The project, carried out in the period 2024-2025 as part of the framework project “Gastronomic Experiences with the Primary Sector,” identifies the following objectives for all destinations in the Saborea España network:

  • Contribute to the creation of ETG gastronomic tourism experiences to develop a portfolio of offerings with marketing potential.
  • Promote networking to encourage the design of tourism experiences that reinforce their differentiation through the gastronomic value proposition.
  • Activate collaboration and integration into the tourism economy of the different actors that form part of the value chain of the primary food sector, reinforcing gastronomic identity and using it as a basis for tourism differentiation and diversification.
  • Strengthen the capacities of the different actors through specific training on innovation and experience creation, and competitiveness.

The Process

To carry out this project, Pax# designed a half-day training workshop format that was implemented in 17 of the 26 Saborea España destinations. The content of the session was structured around the premises of a competitive economic tourism market, resulting in a 12-step training methodology focused on competitiveness, on which activities were developed to:

  1. Identify the market opportunity context for gastronomic tourism.
  2. Prioritize demand segments based on the hyper-segmentation of visitor personas.
  3. Endorse the strengths of the destination based on gastronomic elements (agri-food products, processed products, recipes) with the greatest potential to attract tourists in order to create experiences.
  4. Encourage cooperation among all destination stakeholders involved in the gastronomic production chain, from the primary sector to the provision of experiences to tourists/visitors (> 16 different types of entities and organizations identified).
  5. Design and present experiences based on cooperation and differentiation in a co-creation process.

Among the key potential profiles to consider for the session, the following stood out: small and large agricultural producers, catering companies and/or hotels, intermediaries specializing in gastronomic tourism, public tourism managers of the destination, public managers of local markets, tour guides specializing in the destination and local gastronomy, organizers of gastronomic conferences and events in the destination, associations and cooperatives of local producers, museums and centers interpreting the gastronomic value of the destination, and merchant associations, among others.

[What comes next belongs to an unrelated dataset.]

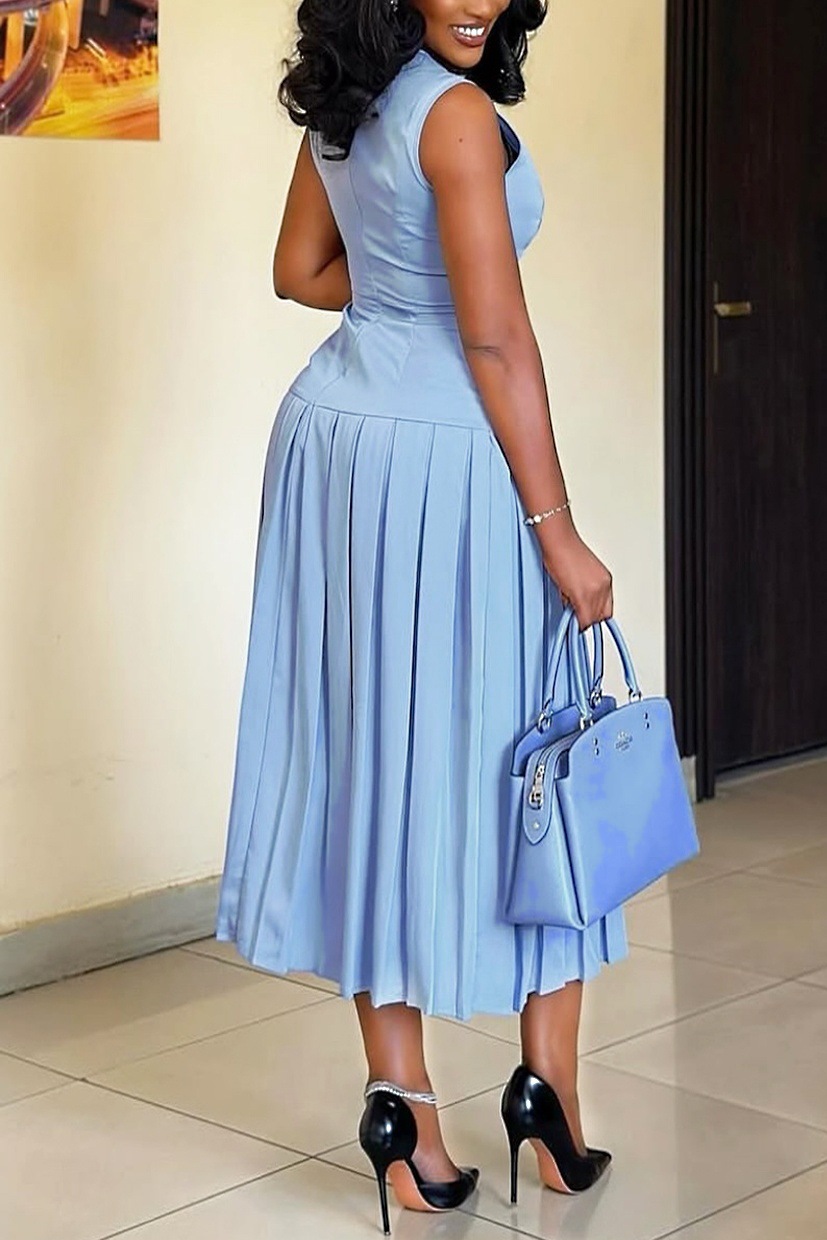 Women's Casual Sleeveless Pleated Dress Solid Color For Summer_voghion.com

The workshops were held simultaneously by three expert consultants from the Pax# team in the following locations: A Coruña, Badajoz, Burgos, Ciudad Real, Cullera, Denia, Fuerteventura, Gran Canaria, La Palma, Lanzarote, Oviedo, Segovia, Seville, Talavera de la Reina, Tudela, Valladolid, and Vinaròs.

181

Trained co-creators

17

Workshops for creating gastronomic experiences

45

Gastronomic tourism experiences created

Conclusion

The project “Creation of Gastronomic Tourism Experiences: Taste Spain” enabled:

  1. Encourage collaboration and generate synergies by promoting connections between key players in the tourism and gastronomy sector, fostering strategic alliances in the destinations of the Saborea España Network.
  2. Design authentic experiences by generating innovative proposals that combine gastronomy, culture, and heritage in a sustainable way, while reinforcing the gastronomic identity, uniqueness, and differentiation of the destinations.
  3. Build from a market-oriented and profitability framework, so that the experiences designed can potentially be marketed through agencies, tour operators, and digital platforms, and facilitate international visibility and positioning through Saborea España.
  4. Promote local impact and sustainability based on the principles of the circular economy and regeneration, supporting local producers and ensuring responsible and differentiated experiences.